Design and construction
- Architecture firm: Hartshorne Plunkard Architecture
- Structural engineer: Meyer Borgman Johnson
- Civil engineer: Kimley-Horn
- Main contractor: J.H. Findorff & Son

= Hub (Minneapolis, Minnesota) =

Apartment building in Minneapolis, Minnesota

The Hub (also referred to as Hub Minneapolis and Hub on Campus) is a luxury residential apartment building located in Minneapolis, Minnesota. The building features two hot tubs and a pool. The project was first announced under the working name 311 Harvard, before being renamed as the Hub during construction. The building was designed by Hartshorne Plunkard Architecture and includes 407 residential units designated for the campus population of the nearby University of Minnesota. It also contains leasable retail space, with current tenants including Caribou Coffee, Chase Bank, Wells Fargo, and Roti Modern Mediterranean.
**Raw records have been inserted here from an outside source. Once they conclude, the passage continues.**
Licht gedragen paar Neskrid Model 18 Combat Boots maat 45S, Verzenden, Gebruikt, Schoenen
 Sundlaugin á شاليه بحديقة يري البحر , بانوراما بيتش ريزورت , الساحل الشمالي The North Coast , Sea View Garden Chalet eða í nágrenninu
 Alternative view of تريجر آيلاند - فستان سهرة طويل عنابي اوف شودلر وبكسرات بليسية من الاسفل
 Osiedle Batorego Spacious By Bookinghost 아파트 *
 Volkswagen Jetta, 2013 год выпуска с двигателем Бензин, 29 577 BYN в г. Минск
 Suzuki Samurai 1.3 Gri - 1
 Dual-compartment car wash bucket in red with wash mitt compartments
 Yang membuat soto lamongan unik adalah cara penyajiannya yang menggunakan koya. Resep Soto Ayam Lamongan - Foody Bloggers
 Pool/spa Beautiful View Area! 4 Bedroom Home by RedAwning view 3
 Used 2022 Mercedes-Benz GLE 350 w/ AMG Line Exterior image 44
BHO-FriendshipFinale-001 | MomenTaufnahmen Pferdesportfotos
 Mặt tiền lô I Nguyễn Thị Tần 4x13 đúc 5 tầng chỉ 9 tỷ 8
== Construction and opening ==
Construction began on the Hub in October 2016 with a traditional groundbreaking ceremony. In the official proposal for the Hub, the completed project would become one of the tallest structures located near the University of Minnesota campus.

== Design ==
The exterior contains a 268 ft (82 m) glass curtain wall, inspired by neighboring urban walls within the vicinity. Holly Dolezalek from Minneapolis financial magazine Finance & Commerce named it one of the "Top Projects of 2018", highlighting its efforts to continue construction despite numerous setbacks.

== Location ==
The Hub is located at the intersection of Harvard Street Southeast and Washington Avenue Southeast, adjacent to the Metro Green Line East Bank light rail station. It was built atop a former retail block in the East Bank neighborhood of Minneapolis, with previous businesses such as Big 10 Restaurant and Espresso Exposé becoming displaced after the project's announcement.